Turuce kalktı, evine geldi; yıllardır kullandığı ‘turuncu’ ne varsa hepsini topladı, kırdı, parçaladı; parçalayamadıklarını da bir kutuya doldurup ağzını sıkıca kapattı. Bu kutuyu da büyük bir denize atmak istiyordu. Ona bakanlar ne yaptığını anlamaya çalıştılarsa da anlamadılar.

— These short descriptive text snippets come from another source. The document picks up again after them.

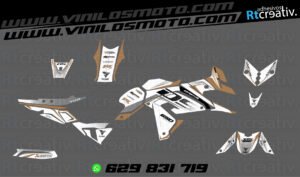 ADHESIVOS Y PEGATINAS DE VINILO VOGE DS 650 X Rt005-10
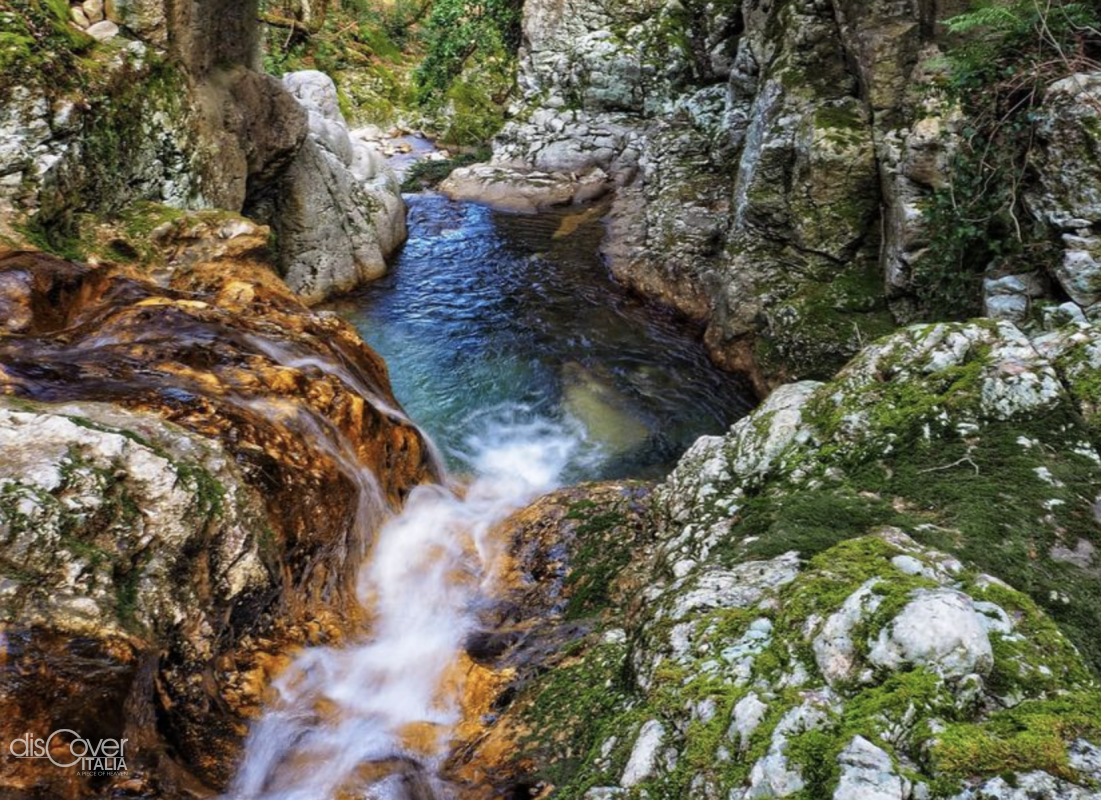 fiume tammaro copertina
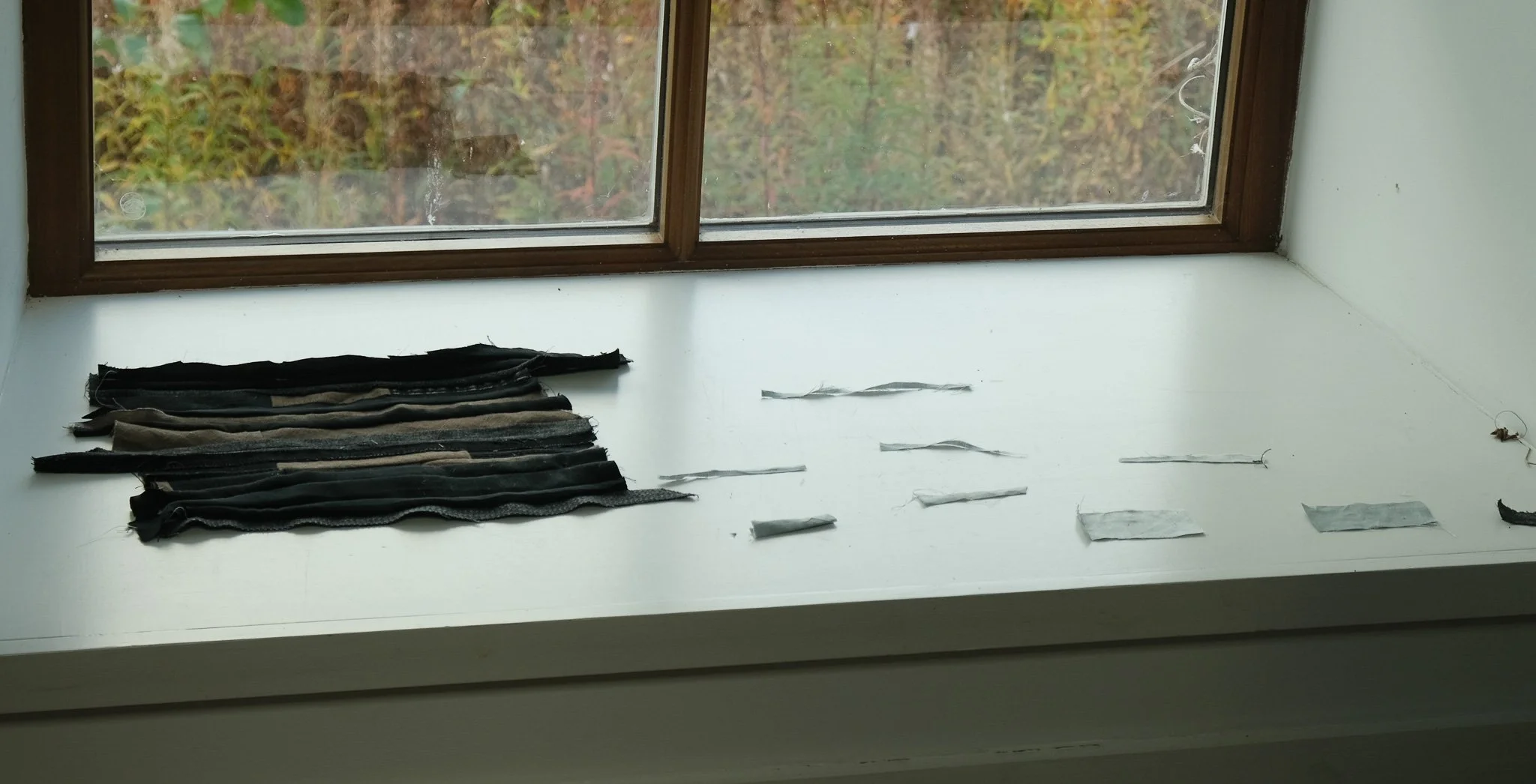 DSCF6783-2.jpg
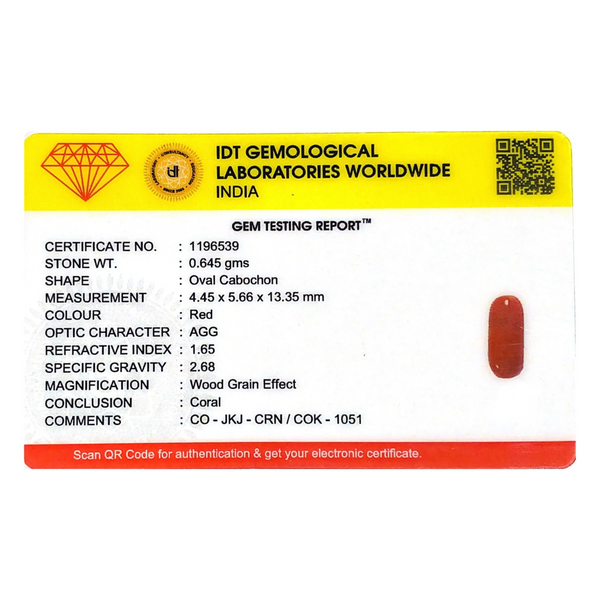Red Coral - 3.23 Carat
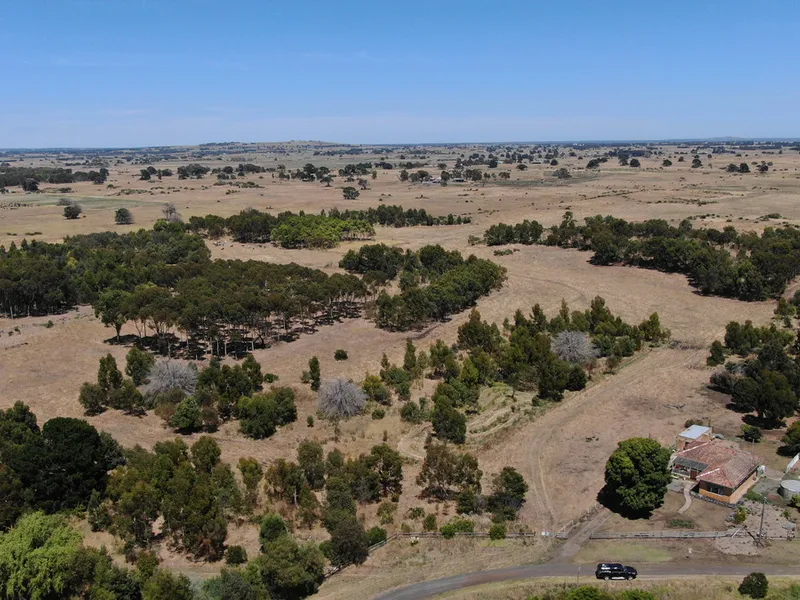 COLAC DISTRICT CATTLE / LIFESTYLE COUNTRY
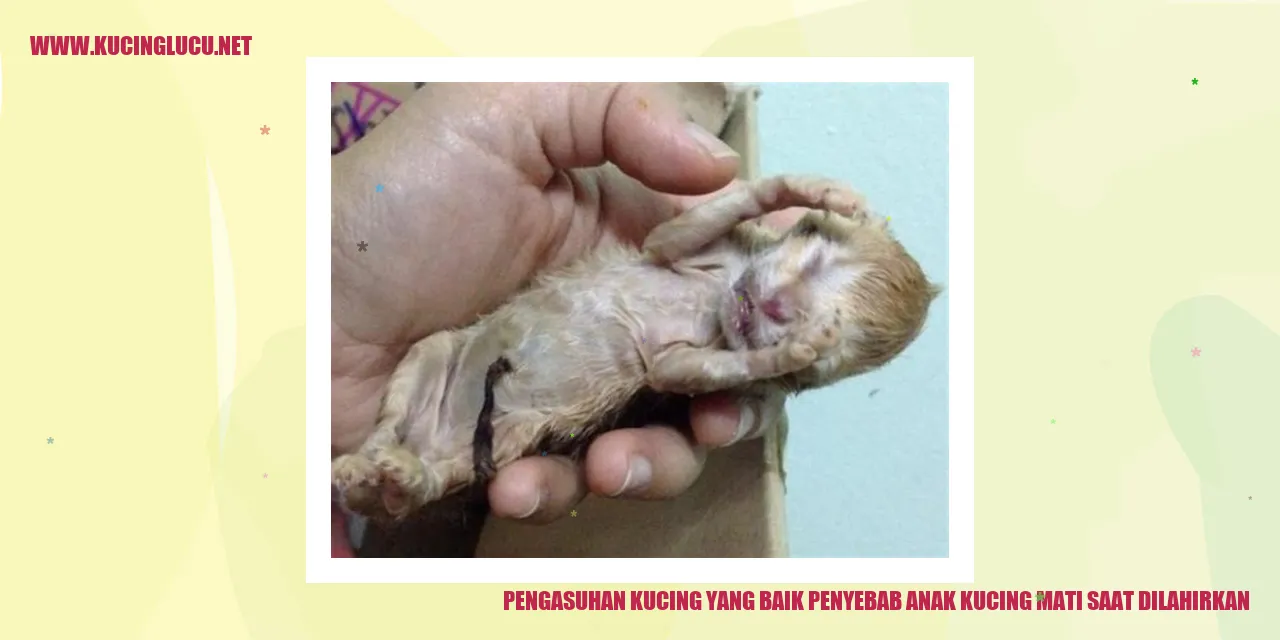 gambar kucing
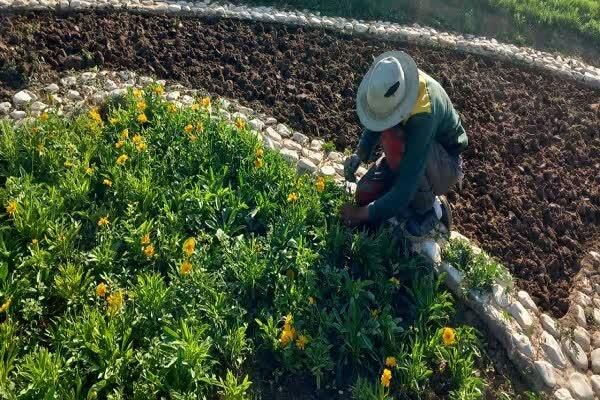 تداوم عملیات نگهداشت و ساماندهی فضای سبز در حوزه منطقه ۴ تبریز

İşte o gün, Turaş ve Tursuk Birliği yöneticilerinden bir davet aldı. Kendisine ‘Topluma Örnek Üstün Kişi Onur Nişanı’ vermek istiyorlardı. Turuce buna şaşırdı ancak içten içe bir mutluluk da duydu. Tören kentin büyük meydanında yapılacak ve Ütopyanın yeni bilgisayar ağında canlı olarak yayımlanacaktı. Gitti Turuce, pek çok kişinin konuşmasından sonra onu da konuşması için davet ettiler. O da kısa bir konuşma yaptı; ardından ona bir plâket, bir de kapalı zarf verdiler. Sonra ‘Topluma Örnek Üstün Kişi Onur Abidesi’ adı verilen ve yeni yapılıp alanın ortasında üstünde örtüsüyle duran bir eseri açmasını istediler. Turuce kalabalıkla birlikte oraya yöneldi, eline verilen makasla eserin şeridini kesti ve üstündeki örtüyü çevredekilerin yardımıyla çekerek açtı. Turuce gözlerine inanamıyordu, donup kalmış, kocaman açtığı gözleriyle şaşkınlık içinde heykele bakıyordu. Heykel kendisiydi ve hem heykel hem de heykeli süsleyen ne varsa hepsi kutsal renk ‘turuncu’ kullanılarak yapılmıştı. Turuce ve heykel… Tıpkı kendisini iki taş arasına sıkıştırarak derisini çıkaran yılanla geride kalan derisi gibi… Fakat yılanın çıkmış derisini uzaktan gören bir kimse onun yılan olmadığını, yılanın o deriden çıkıp gittiğini anlayamazdı. Turuce… Turuce’nin suçu ne?